Very recent findings by our group and others reveal that ferroelectric interfaces can show strongly enhanced properties and remarkable new effects with potential for exploitation in devices. In particular, new phases at broadened domain walls [DWs], conductivity and possibility for ferromagnetism in ferroelectric DWs and giant response in materials possessing high density ferroelectric DWs were shown
DWs form spontaneously in ferroelectrics. Their functionality, widely recognized is neither quantified nor controlled. Distinctly from other interfaces, ferroelectric DWs are mobile, can be modified dynamically by external forces (electrical, stress, temperature variation) and can, moreover, be annihilated and recreated
What are the mechanisms to functionalize DWs? How to gain control over the structure and dynamics of these DWs, and what are the potential breakthroughs that such control may lead to? What additional properties of DWs await discovery?
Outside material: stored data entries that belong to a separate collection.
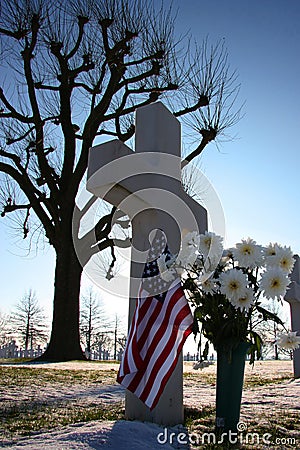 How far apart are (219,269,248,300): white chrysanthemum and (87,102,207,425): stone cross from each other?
3.57 ft

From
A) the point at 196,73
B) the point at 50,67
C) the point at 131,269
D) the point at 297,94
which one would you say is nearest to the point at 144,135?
the point at 131,269

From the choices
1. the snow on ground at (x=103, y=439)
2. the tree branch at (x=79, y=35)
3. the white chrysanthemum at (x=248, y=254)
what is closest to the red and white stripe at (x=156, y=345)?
the snow on ground at (x=103, y=439)

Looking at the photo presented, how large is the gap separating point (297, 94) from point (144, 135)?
3.64 metres

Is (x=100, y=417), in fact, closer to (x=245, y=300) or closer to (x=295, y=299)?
(x=245, y=300)

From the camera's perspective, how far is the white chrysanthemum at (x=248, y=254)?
304 centimetres

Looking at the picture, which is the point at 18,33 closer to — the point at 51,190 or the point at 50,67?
the point at 50,67

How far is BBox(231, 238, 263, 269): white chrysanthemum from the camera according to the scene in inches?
120

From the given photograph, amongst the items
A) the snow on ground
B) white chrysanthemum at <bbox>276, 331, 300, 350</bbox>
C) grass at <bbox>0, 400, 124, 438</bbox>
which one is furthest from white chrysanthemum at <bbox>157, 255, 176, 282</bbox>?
grass at <bbox>0, 400, 124, 438</bbox>

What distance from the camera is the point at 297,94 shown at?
264 inches

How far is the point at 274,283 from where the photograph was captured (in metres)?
2.88

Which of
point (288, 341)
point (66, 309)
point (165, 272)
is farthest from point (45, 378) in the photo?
point (66, 309)

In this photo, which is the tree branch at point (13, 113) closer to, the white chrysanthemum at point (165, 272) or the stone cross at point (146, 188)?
the stone cross at point (146, 188)

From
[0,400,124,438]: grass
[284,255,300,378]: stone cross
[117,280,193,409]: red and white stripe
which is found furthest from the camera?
[284,255,300,378]: stone cross

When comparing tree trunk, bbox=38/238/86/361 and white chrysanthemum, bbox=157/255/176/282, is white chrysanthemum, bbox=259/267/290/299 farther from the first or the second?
tree trunk, bbox=38/238/86/361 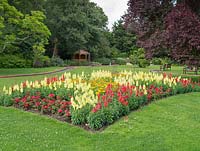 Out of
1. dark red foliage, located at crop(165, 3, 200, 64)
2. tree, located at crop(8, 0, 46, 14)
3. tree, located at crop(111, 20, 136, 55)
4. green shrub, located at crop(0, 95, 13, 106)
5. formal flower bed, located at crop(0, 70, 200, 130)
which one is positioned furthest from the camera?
tree, located at crop(111, 20, 136, 55)

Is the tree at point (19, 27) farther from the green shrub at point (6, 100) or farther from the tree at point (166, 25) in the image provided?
the green shrub at point (6, 100)

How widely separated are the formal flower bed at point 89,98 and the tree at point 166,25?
1.94 metres

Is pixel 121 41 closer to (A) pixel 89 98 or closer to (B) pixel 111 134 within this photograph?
(A) pixel 89 98

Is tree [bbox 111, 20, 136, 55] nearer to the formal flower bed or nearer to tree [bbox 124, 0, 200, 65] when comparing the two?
tree [bbox 124, 0, 200, 65]

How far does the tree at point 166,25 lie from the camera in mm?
11289

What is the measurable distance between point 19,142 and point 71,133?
101cm

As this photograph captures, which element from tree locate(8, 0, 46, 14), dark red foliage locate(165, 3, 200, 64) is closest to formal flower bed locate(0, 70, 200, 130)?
dark red foliage locate(165, 3, 200, 64)

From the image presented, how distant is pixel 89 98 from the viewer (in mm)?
6504

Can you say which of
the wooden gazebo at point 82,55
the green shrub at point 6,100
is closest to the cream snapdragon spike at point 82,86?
the green shrub at point 6,100

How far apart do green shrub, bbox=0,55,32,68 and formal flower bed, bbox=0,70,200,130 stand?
20530mm

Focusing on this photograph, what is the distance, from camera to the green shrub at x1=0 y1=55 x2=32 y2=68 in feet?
94.8

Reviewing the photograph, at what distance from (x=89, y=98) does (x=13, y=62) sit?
2482 cm

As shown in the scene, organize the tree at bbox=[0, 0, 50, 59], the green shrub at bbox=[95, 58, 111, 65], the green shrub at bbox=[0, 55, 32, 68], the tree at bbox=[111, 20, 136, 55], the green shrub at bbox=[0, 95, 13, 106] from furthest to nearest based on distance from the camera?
the tree at bbox=[111, 20, 136, 55]
the green shrub at bbox=[95, 58, 111, 65]
the green shrub at bbox=[0, 55, 32, 68]
the tree at bbox=[0, 0, 50, 59]
the green shrub at bbox=[0, 95, 13, 106]

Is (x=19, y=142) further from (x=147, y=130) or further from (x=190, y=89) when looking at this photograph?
(x=190, y=89) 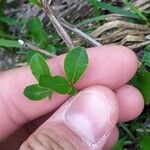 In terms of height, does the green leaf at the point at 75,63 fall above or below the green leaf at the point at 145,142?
above

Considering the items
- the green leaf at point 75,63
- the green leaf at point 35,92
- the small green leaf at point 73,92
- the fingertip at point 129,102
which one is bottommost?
the fingertip at point 129,102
We will address these questions through several interrelated objectives designed to cover both fundamental aspects, as well as limits of applicability
Considering a single DW as a device that can be created, displaced and eliminated reversibly in-situ is unique to this project. Working with ordered arrays of DWs is another central theme. To create controlled patterns of DWs we will use top-down and bottom-up approaches. Characterization of DWs will range from investigation of the internal structure by Spherical Aberration Corrected HRTEM through cryogenic Piezo Force Microscopy study of DW phase-transition, to macroscopic characterization over a broad frequency and driving stimulus range. Theory will guide the investigation. Device concepts will be demonstrated, such as DW-enhanced ultrasonic transducer, DW transistor and ferroelectric string memory
We believe that attainment of these objectives should lead to conceptual breakthroughs both in our understanding of ferroelectric interfaces and in their applications.